Hello, I have an autoloader code and it is pretty standard, we have this variable file path that points to an S3 bucket. example #2 executed successfully and example 1 throws an exception.
it seems like source 1 always throws an exception whereas source 2 works but it throws an exception when I used a more generic path like ???-??/??-??
If anybody has a clue how to solve this issue it will be helpful, thanks in advance!
example 1: val file_path = "/mnt/output/raw/source1/????-??/??-??/*.e.ndjson"
example 2: val file_path = "/mnt/output/raw/source2/2022-11/14-??/*.e.ndjson"

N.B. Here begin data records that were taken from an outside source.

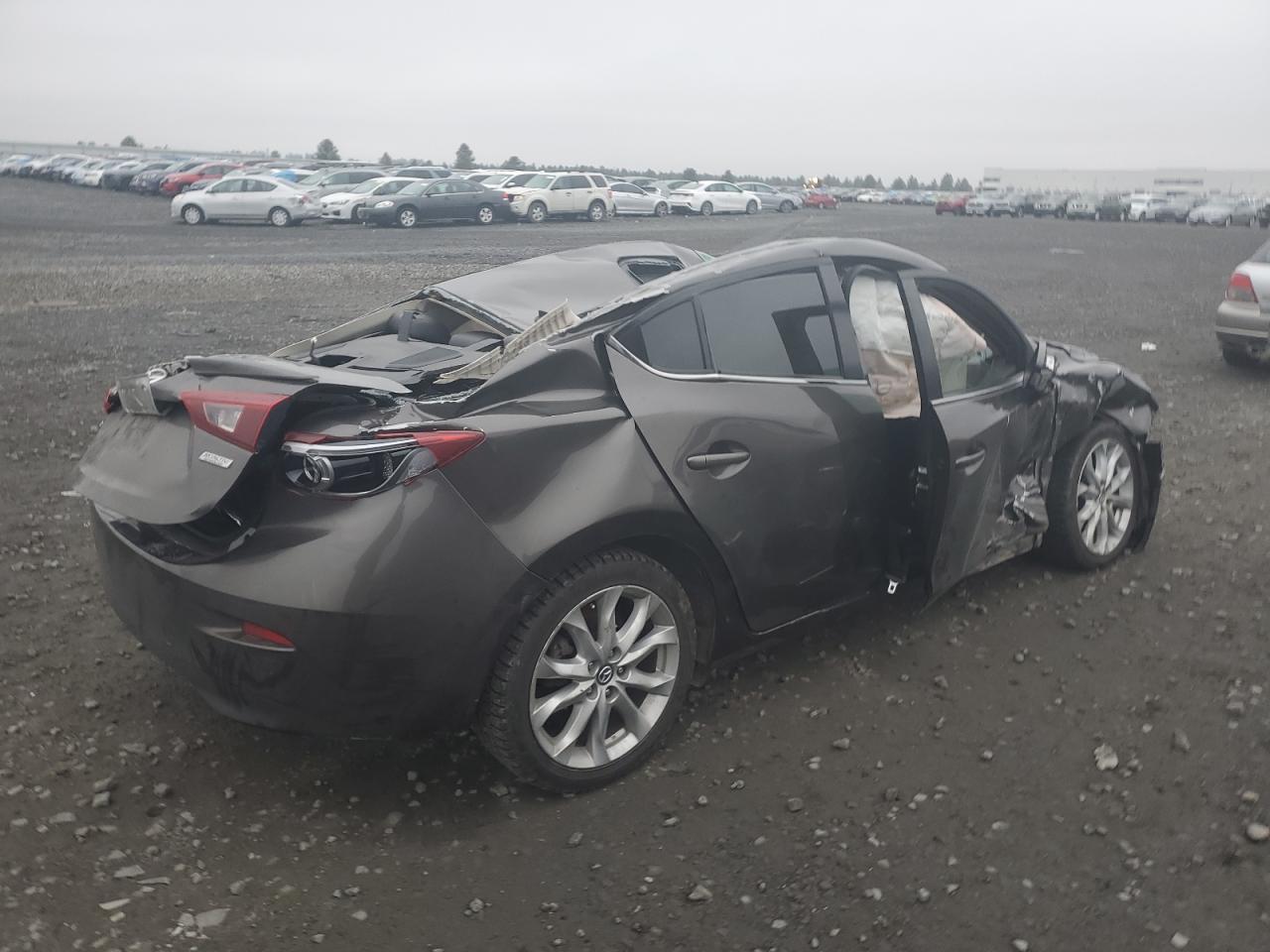 2014 Mazda 3 - Image 3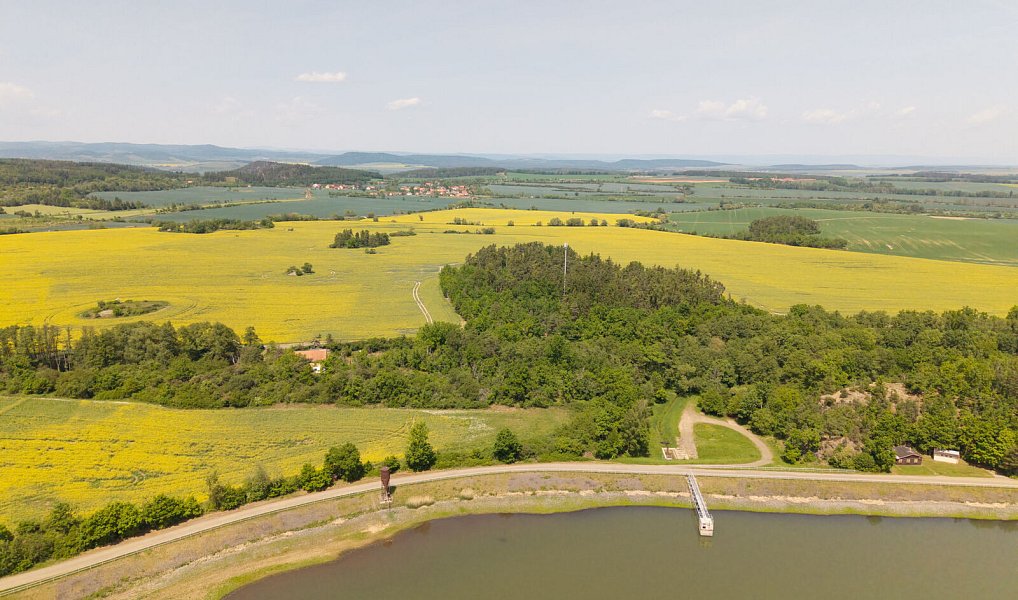 Prodej komerčního pozemku 105 830 m², Blatno – náhled fotky 30
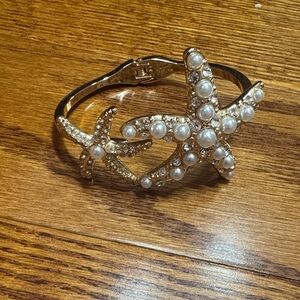 Lilly Pulitzer Gold Starfish cuff Pearl Bracelet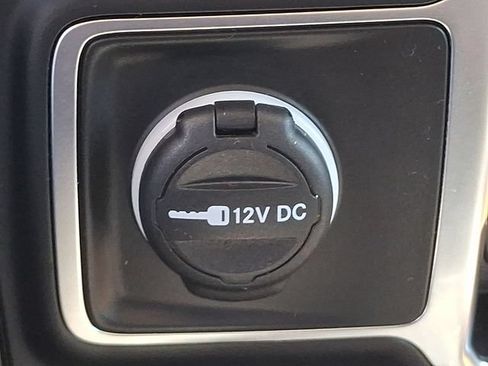 Used 2023 Jeep Wrangler Unlimited Sahara AWD/4WD image 26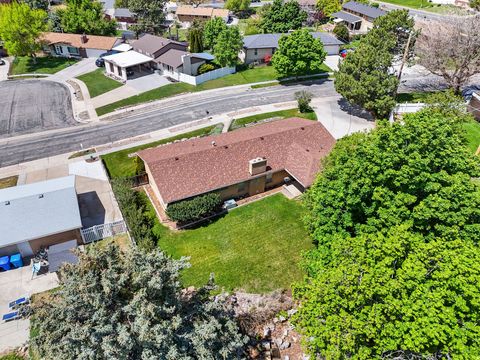Tiny photo for 3082 N 425 E, North Ogden, UT 84414 (MLS # 2154783)
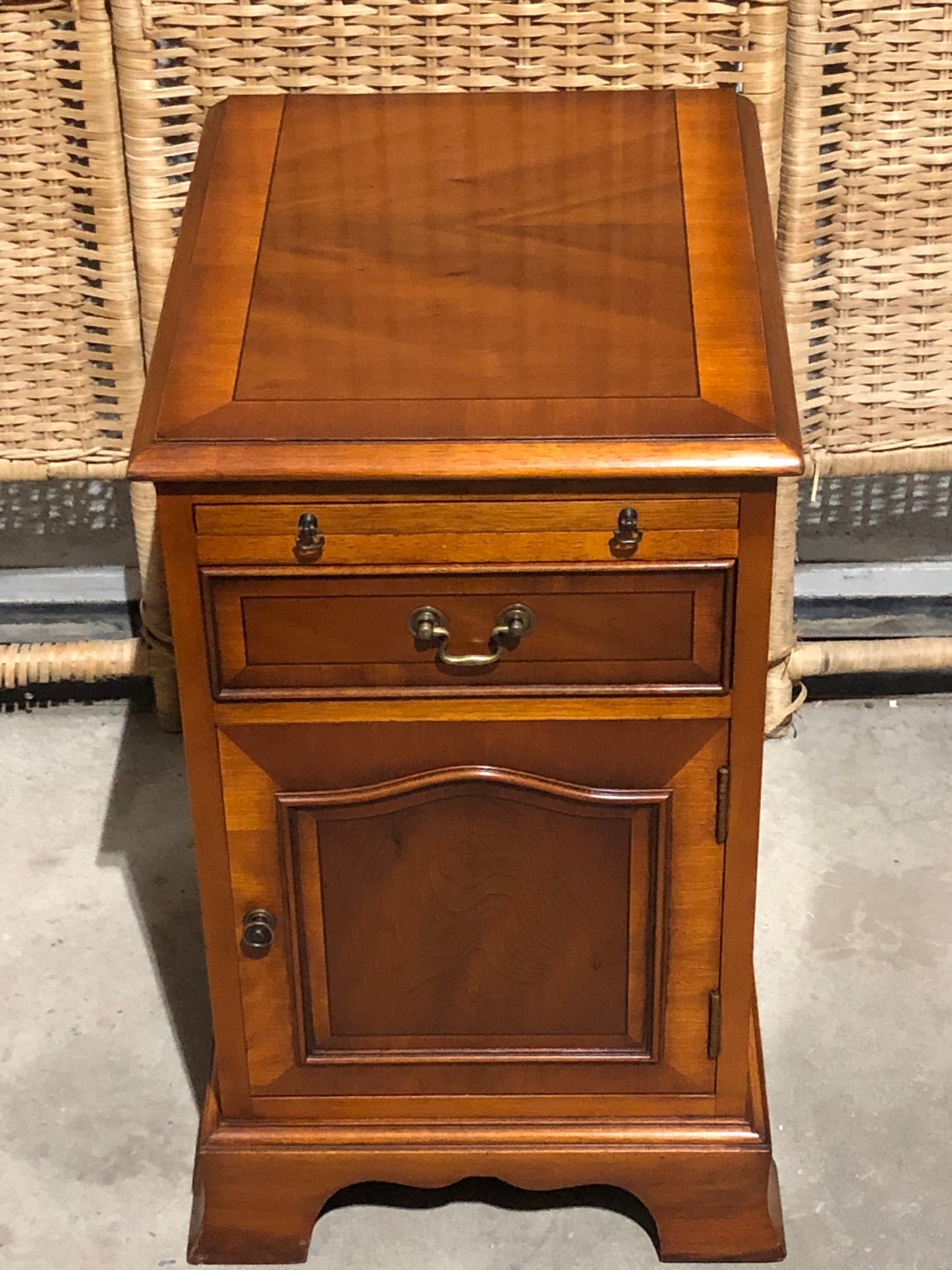 000690....Handsome Pair Of Vintage Yew Bedside Tables / Lamp Tables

com.amazonaws.services.s3.model.AmazonS3Exception: Unable to validate the following destination configurations (Service: Amazon S3; Status Code: 400; Error Code: InvalidArgument;
or
Configuration is ambiguously defined. Cannot have overlapping suffixes in two rules if the prefixes are overlapping for the same event type. (Service: Amazon S3; Status Code: 400; Error Code: InvalidArgument;
val reader = spark.readStream
.format("cloudFiles")
.option("cloudFiles.format", "text")
.option("cloudFiles.schemaLocation", checkpoint_path)
.option("cloudFiles.useNotifications", true)
.load(file_path)
.selectExpr(s"value")
.writeStream
.format("kafka")
.option("kafka.bootstrap.servers", "kafka:9092")
.option("topic", "test_topic_3")
.option("checkpointLocation", checkpoint_path)
.trigger(Trigger.AvailableNow)
.start()